Still, even a blind hog picks up the occasional acorn. In a recent article that I regard as completely bogus, I found the reference to Osler (2000) in Economic Policy Review 6(2) pages unknown --- and this could be worth a look. There are a couple of more examples like this.
When the definition of return contains an error --- a logical one, not a typo --- you have to worry.
When notation is overly elaborate or belabored --- you have to worry.
When a paper uses one year of data and the data is sources from Yahoo.com --- you can close the book. Either this is a paper by a student at a place without access to Bloomberg or CRSP or WRD, or you have a crackpot.
Financial data is typically analysed using time series models. Still, there are related model structure that might conceivably be relevant, such as panel data. This is worth thinking about, even if ultimately you decide that it was wrong headed.
Consider the way that the BLS collects much of its data (consumption, employment, use of public resources, etc.). They use a large pannel of consumers, ask them questions over time, aggregate the information, and make their esitmates. They also have to deal with the fact that the pannel itself changes over time --- that is 20% of the pannel is periodically rotated out and a fresh set of consumers at brought into the pannel. This feature of changing the responders over time is what is special about pannel data.

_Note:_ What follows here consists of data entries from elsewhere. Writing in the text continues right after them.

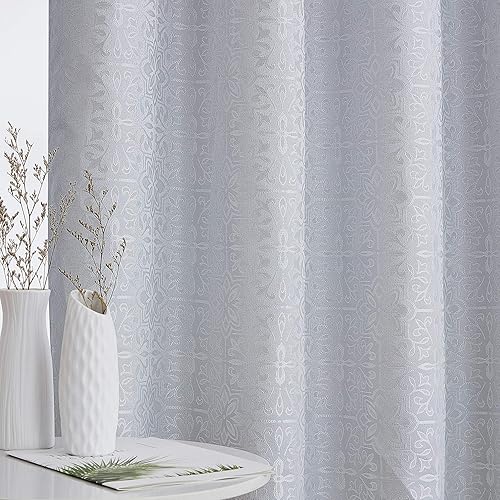 Miniatura 4 de Panel de cortina HLC.ME de estilo azulejo marroquí, 100% opaco, con aislamiento térmico, ahorra energía, con cancelación de ruido, aísla del calor,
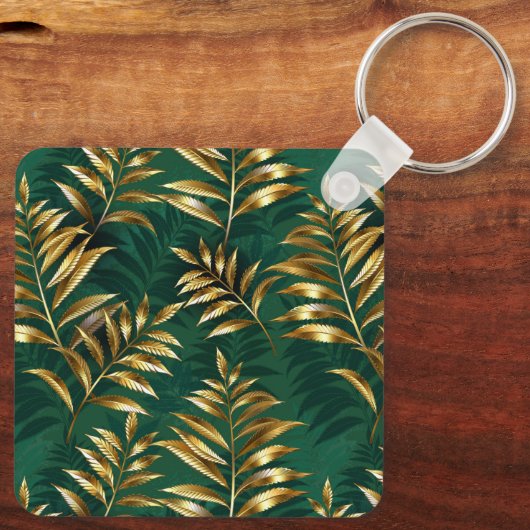 Seamless pattern with golden ferns sleutelhanger (Achterkant)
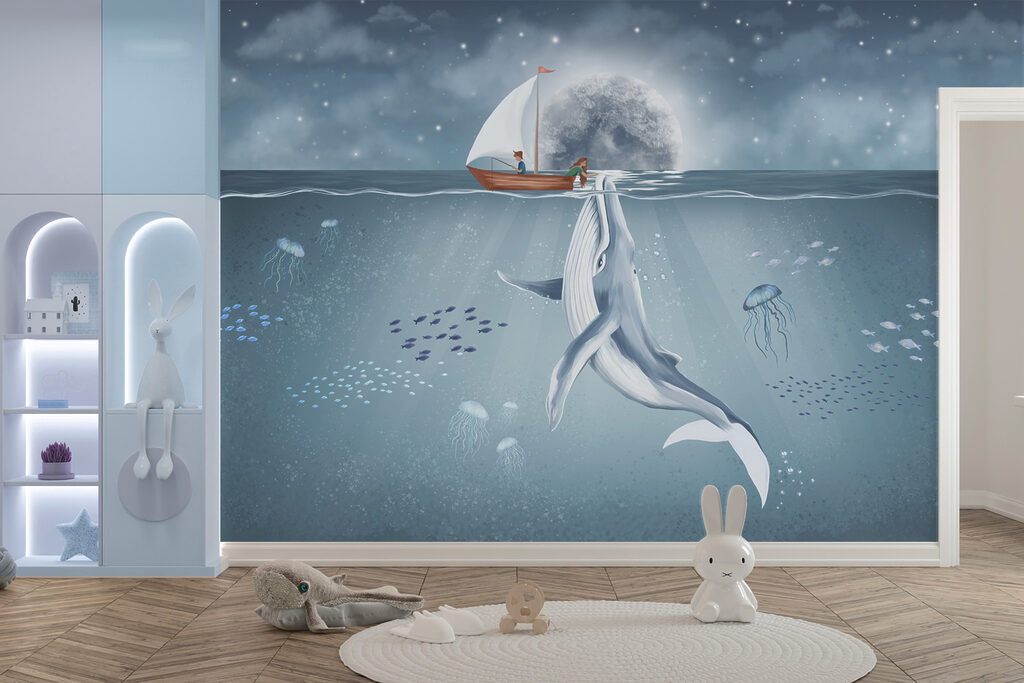 Witte walvis onder maanlicht — interieur 1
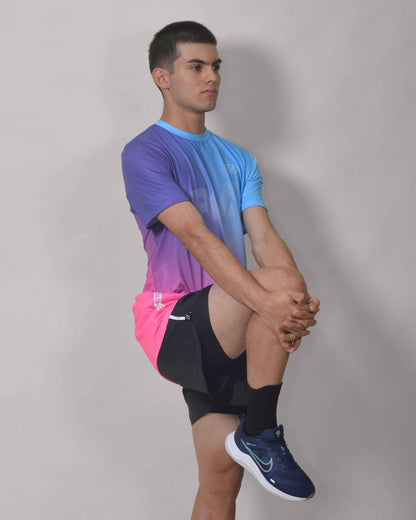 Gavia City Run - Polera de Running Manga corta Hombre (Celeste Rosado)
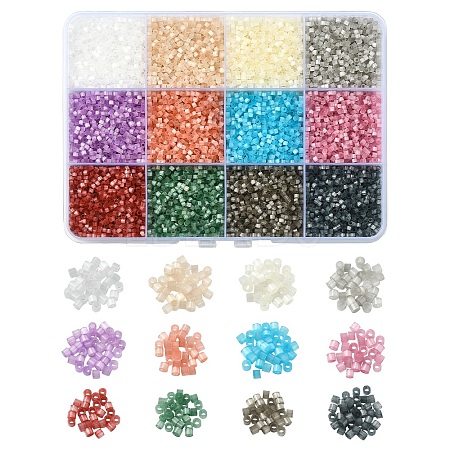 180G 12 Colors Glass Bugle Beads SEED-YW0002-79-1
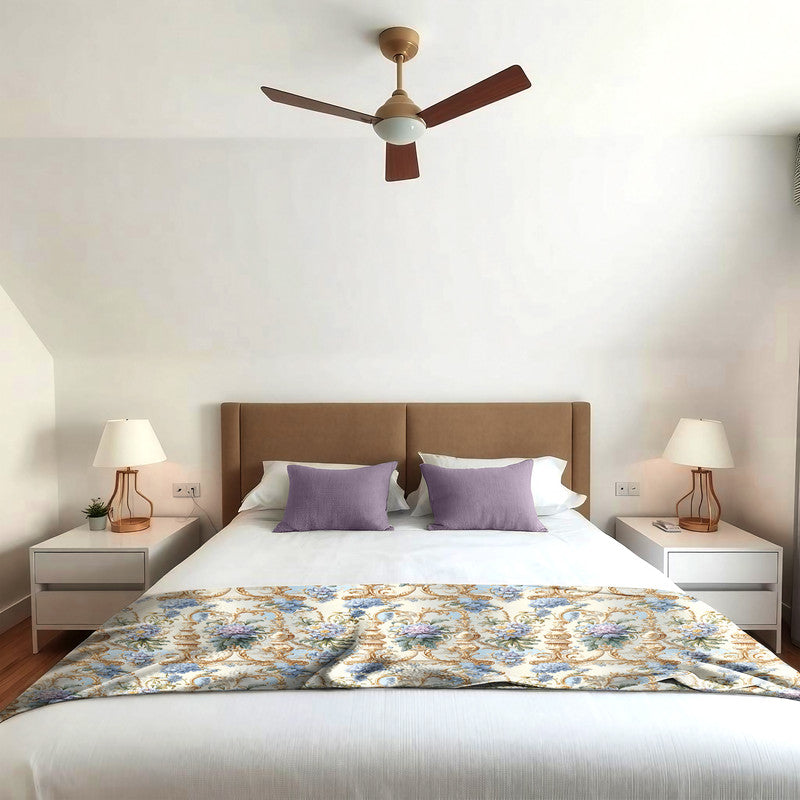 Beige And Lavender Light Bed Throw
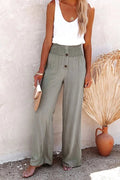 Serena | Women's High-Waist Wide-Leg Linen Trousers, Comfortable Summer Trousers for Travel and Everyday Wear, Comfortable Summer Trousers for Travel and Everyday Wear - Olive Green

Now, suppose some guy says we should use pannel models to look at financial data. This is original and worth our attention. Could there be something to it?
We'll, if we were looking at a family of mutual funds where individual funds come and go, this could make some sense. But if we are looking at 40 FTSE stocks in 2003, well, the use of a pannel model seems pretty nuts.
If you already owe me an explanation of why pannel models are relevant, and if you then start talking about robust estimation, then I start to think that you are a fraud. This is like talking about "shaken but not strirred" when your pouring from a half-pint of Smirnov's.
An applied statistical paper that does not contain plots --- well that is a candidat for fraud!
A paper that wants to pot shot market efficiency and has no alternative porfolios --- well that is a candidate for fraud!
A paper that talks about "disciples of the random walk hypothesis" --- well, it may not be a fraud, but it certainly does not speak from the understanding that the game has moved on.
A paper that looks at a slew of technical indicators and does not then lead us through the insights that have been obtained --- well, that is surely less informative than one would hope.